# Help with Stereo wiring of 2014 Honda Accord



## Jokersrwild (May 11, 2015)

Hello all I have a 2014 Honda Accord Ex-l wo Nav and the wiring diagram for most models doesnt match mine, was hoping someone here could provide details on which pin is what. My 24 pin connector has the following colors. 
A1/Black A2/Blue A3/Light Blue A4/Pink A5/Pink A6/Light Blue A7/empty A8/empty A9/purple A10/Blue A11/Brown A12/Yellow A13/Blue A14/empty A15/Red A16/Green A17/empty A18/empty A19/Green A20/Red A21/Blue A22/Pink A23/Green A24/Purple

The standard wiring is as follows
2014 Honda Accord Car Radio Wiring Instructions
Car Radio Battery Constant 12V+ Wire: White
Car Radio Accessory Switched 12V+ Wire: Violet
Car Radio Ground Wire: Brown
Car Radio Illumination Wire: Red
Car Radio Antenna Trigger Wire: Black
Left Front Speaker Positive Wire (+): Light Green
Left Front Speaker Negative Wire (-): Pink
Right Front Speaker Positive Wire (+): Gray
Right Front Speaker Negative Wire (-): Red
Left Rear Speaker Positive Wire (+): Yellow
Left Rear Speaker Negative Wire (-): Brown
Right Rear Speaker Positive Wire (+): Blue
Right Rear Speaker Negative Wire (-): Orange

Any help is welcome my expectation was that 
A15 & A16 were Driver side positive and negative
A19 & A20 were passenger side positive and negative
A5 & A6 were rear left side positive and negative
A9 & A10 were rear right side positive and negative

However this proved incorrect.


----------



## lashlee (Aug 16, 2007)

One thing that you need to look at is the pin output is listed looks like for a sport or LX, the EX-L has an outboard amp near the glovebox that will have the correct wiring.

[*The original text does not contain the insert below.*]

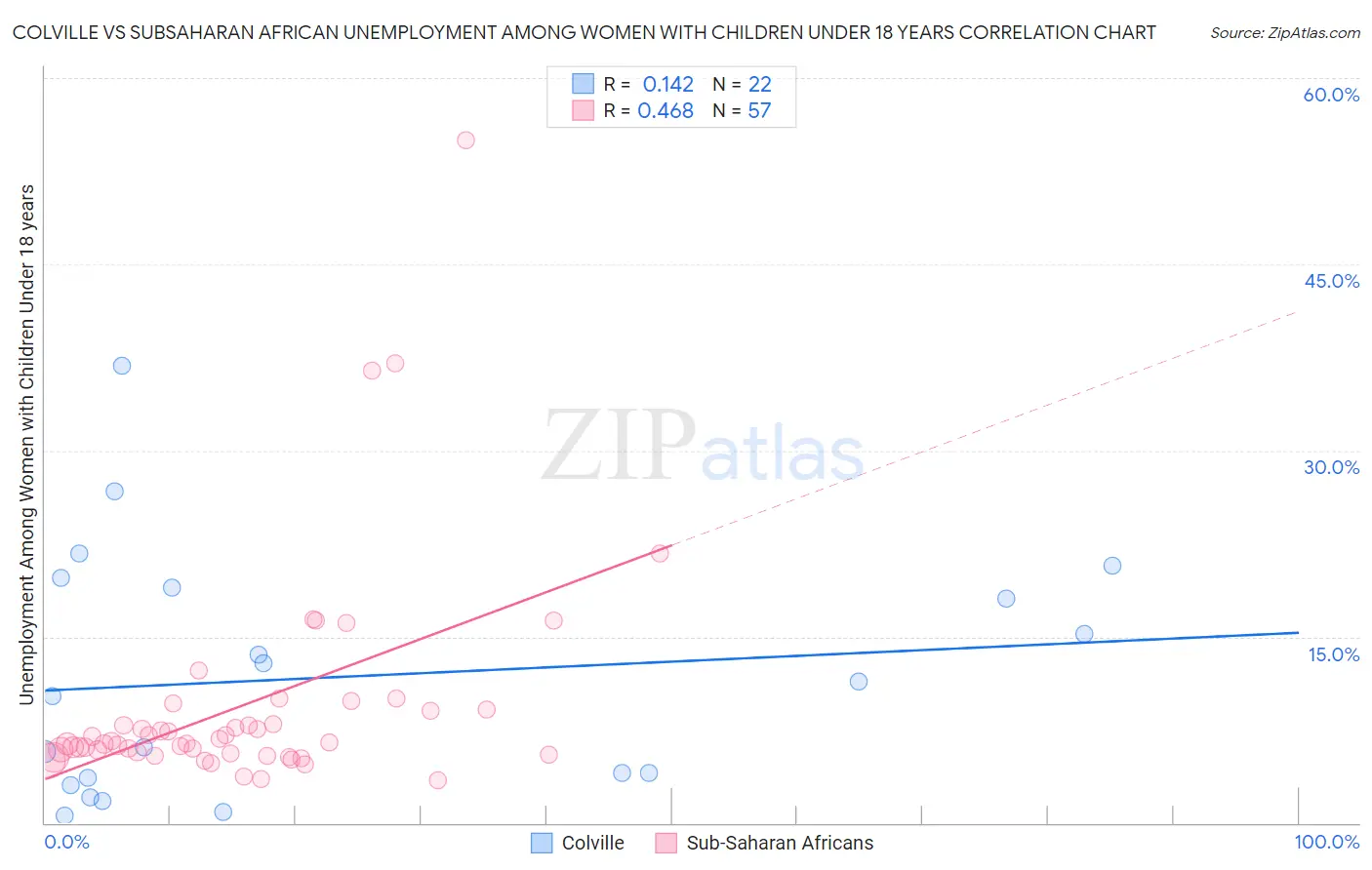 Colville vs Subsaharan African Unemployment Among Women with Children Under 18 years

I've posted some stuff over on driveaccord about what wires I used for my EX-L. I used some of the wiring diagrams that were stickied to get the correct ones for my install.


----------



## nanohead (Oct 21, 2013)

Not sure of the context of your question, but are you going to attach something to the head unit?


----------